Giving up or Giving in
At the end of a year’s intensive work with “No”, I remember finishing winter sesshin and standing pensively in the dining hall looking out onto the magnificent redwoods steeped in mist on the last morning of retreat. I felt I had given it my all and it wasn’t enough; my responses to the koan hadn’t been accepted by the teacher. I was at an utter loss. I remember vividly the feeling of having spent every ounce I had. It seemed there was nothing for it but to give up the possibility of getting through this koan and to continue the practice without hope. I don’t know whether this is an essential step but it seemed to be for me. I gave up thoughts of achieving, acquiring, or wishing for something different than what I had, and this turned out to be the key for the next phase of practice.
At Home in the World
After I had given up, I just kept going and I started having small but real experiences in which the separation between me and the things around me lessened. At other times, I would become whatever I was looking at, a rock, a shirt, a face. Everything seemed to happen without me needing to do anything about it. The walls met each other perfectly. There were many experiences like that.

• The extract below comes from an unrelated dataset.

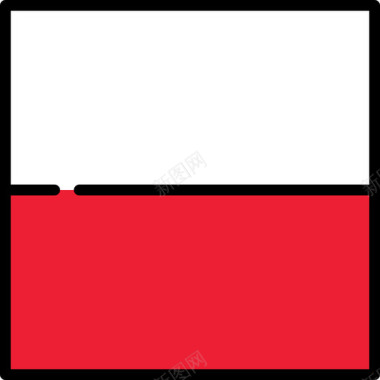 波兰共和国国旗收藏3广场图标图标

Then, at a retreat, I was following along in the walking meditation line outside the main meditation hall in the parking area. The person in front of me was wearing a black silk shirt and I became interested in the finish of the cloth. The thought crossed my mind, “This is a regal procession.” And that was it. The redwood branches parted in front of my eyes to reveal a whitish, granular, particulate quality to the light which seemed to be everywhere. It was akin to seeing between the atoms. There was no past, present, future – no me, no nothing. I don’t know how long it lasted, but before I returned all together, I requested a phrase. I received two words “No Other.” That was all. The experience seemed to come about as an accident and I’m not sure that the details of the experience are the point. I thought of some of the things other people had said, like “From now on I won’t doubt the words of a famous old teacher” or “After all there’s not much to the Dharma.” And for me, “No other” was the only expression. I experienced this as a deep familiarity and kinship with life. It was impossible to feel alone or apart, and the questions I had about what use this life was and what my place in it was, seemed to fall away. Why it all is became less important than the marvel of that it is. Then the blue of the sky seemed to come to my aid, my stubbed toe was helpful, the yellow of the hills.
After that, I could answer the teacher’s questions, and the teacher finally passed me on “No.”